On 6/9/15 1:21 PM, Jonathan Gregory wrote:
Dear Jim

You wrote
The calendar only specifies how the reference date and time are to
be interpreted. It says nothing about either the time variable
values or the decoding that should be used to turn those elapsed
time values into dates and times. That choice is entirely up to the
data consumer. If a data producer started with a set of Julian
calendar dates and created a time variable, and a data user prefers
to use Proleptic Gregorian dates, there is no problem. One is not
more correct than the other.
You are right to point to this as a point of disagreement. I thought
we had discussed this earlier e.g. in
http://mailman.cgd.ucar.edu/pipermail/cf-metadata/2015/058224.html
I wrote
Clarify that in the CF convention the choice of "calendar" implies
the particular set of rules that is used to convert between
date-times (YYYY-MM-DD hh:mm:ss i.e. sets of six numbers) and time
coordinates in units of elapsed time since a reference time.
and I believe that this arose from an earlier discussion about this
being a CF-specific use of the term "calendar". Maybe I have misunderstood you 
now.

I think the data producer is the person who decides what the data
means. If the producer has Julian calendar timestamps and encodes
with Julian rules as a time coordinate variable, the data-user is
wrong to decode them with any other rules into timestamps or
interpret them as being in any other calendar. Why would that be a
useful thing to do? I agree with your earlier posting and email that
there is a range of timestamps which refer to the same points in time
in the Gregorian and Julian calendars (long ago, before they drifted
apart) so for that range of dates it would not matter if the data-
user changed the calendar, since they're indistinguishable. But that
is a special case. If you come up to present, a given time-stamp
refers to a different instance in time in the Gregorian and Julian
calendars, just like it does between UTC and GPS calendars. For model
calendars, it would be nonsense for time coordinates encoded in the 360-day 
calendar to be decoded in the proleptic Gregorian calendar, for example.

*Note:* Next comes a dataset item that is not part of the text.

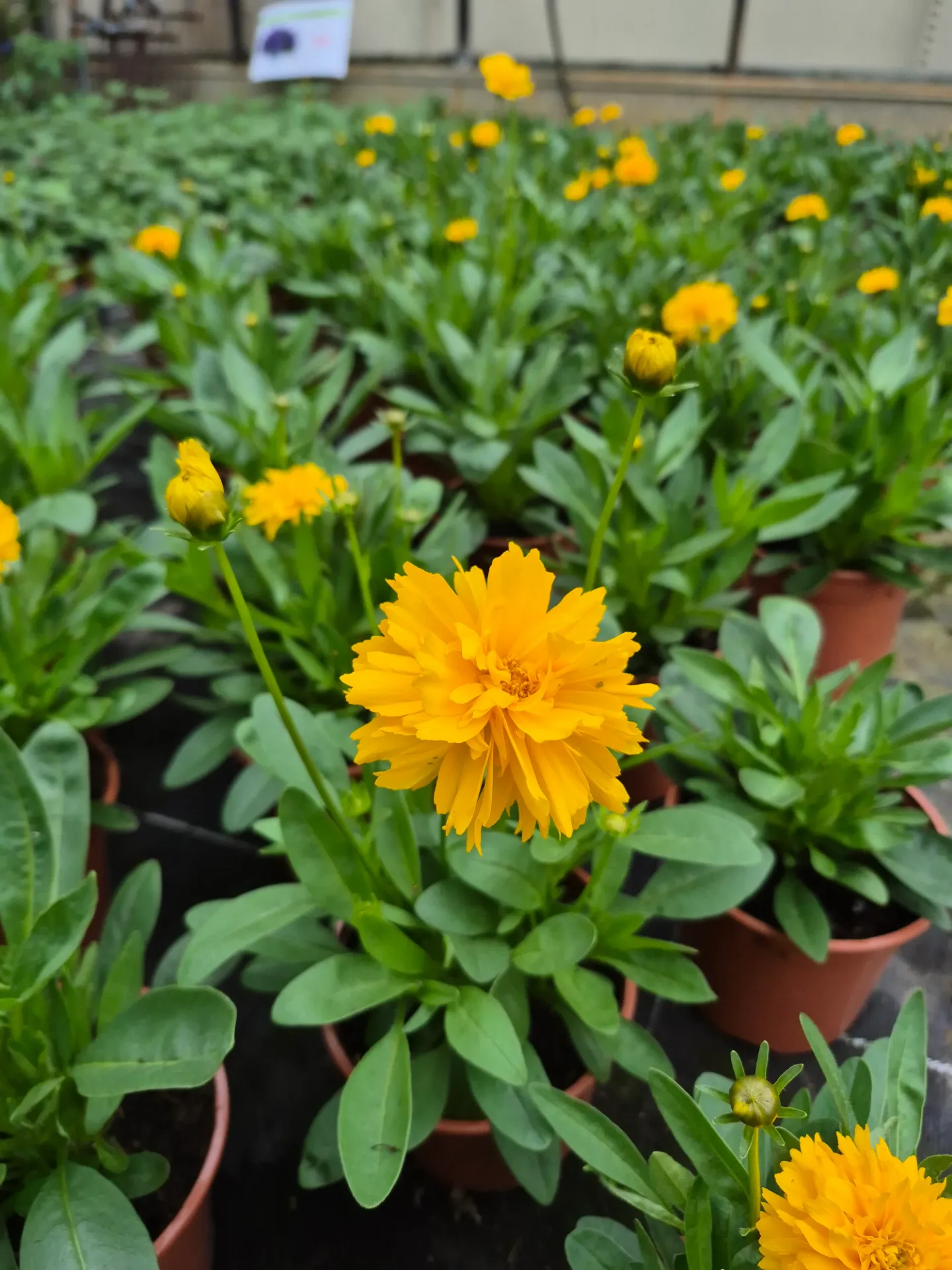 coreopsis solanna goldensphere.webp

Perhaps we view time coordinates in different ways? I think the
timestamps are the primary information, and the time coordinates are an encoded 
version.
We do it like that for efficiency of storage, and convenience and
robustness of processing, since string-valued timestamps are
relatively awkward. It has also the great advantage that the encoded
time coordinate is also an elapsed time variable, so it can be used to check 
monotonicity and for calculations.
This is a common need, since time is a continuous coordinate.